*WHAT TO PRODUCE*
Without any change, set down every record below.

START THE RECORDS

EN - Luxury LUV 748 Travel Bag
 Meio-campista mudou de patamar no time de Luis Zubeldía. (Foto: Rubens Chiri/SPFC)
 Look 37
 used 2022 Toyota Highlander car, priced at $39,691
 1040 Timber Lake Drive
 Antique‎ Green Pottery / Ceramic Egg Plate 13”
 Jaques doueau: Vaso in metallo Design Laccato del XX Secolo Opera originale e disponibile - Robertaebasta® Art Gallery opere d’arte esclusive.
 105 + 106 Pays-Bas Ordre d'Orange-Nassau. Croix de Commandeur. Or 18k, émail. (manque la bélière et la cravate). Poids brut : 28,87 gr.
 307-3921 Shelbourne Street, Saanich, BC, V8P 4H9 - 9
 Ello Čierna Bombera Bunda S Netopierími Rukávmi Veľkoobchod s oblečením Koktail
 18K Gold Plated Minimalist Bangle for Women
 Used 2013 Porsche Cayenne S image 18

END THE RECORDS

*EXERCISE SOLUTION*
EN - Luxury LUV 748 Travel Bag
 Meio-campista mudou de patamar no time de Luis Zubeldía. (Foto: Rubens Chiri/SPFC)
 Look 37
 used 2022 Toyota Highlander car, priced at $39,691
 1040 Timber Lake Drive
 Antique‎ Green Pottery / Ceramic Egg Plate 13”
 Jaques doueau: Vaso in metallo Design Laccato del XX Secolo Opera originale e disponibile - Robertaebasta® Art Gallery opere d’arte esclusive.
 105 + 106 Pays-Bas Ordre d'Orange-Nassau. Croix de Commandeur. Or 18k, émail. (manque la bélière et la cravate). Poids brut : 28,87 gr.
 307-3921 Shelbourne Street, Saanich, BC, V8P 4H9 - 9
 Ello Čierna Bombera Bunda S Netopierími Rukávmi Veľkoobchod s oblečením Koktail
 18K Gold Plated Minimalist Bangle for Women
 Used 2013 Porsche Cayenne S image 18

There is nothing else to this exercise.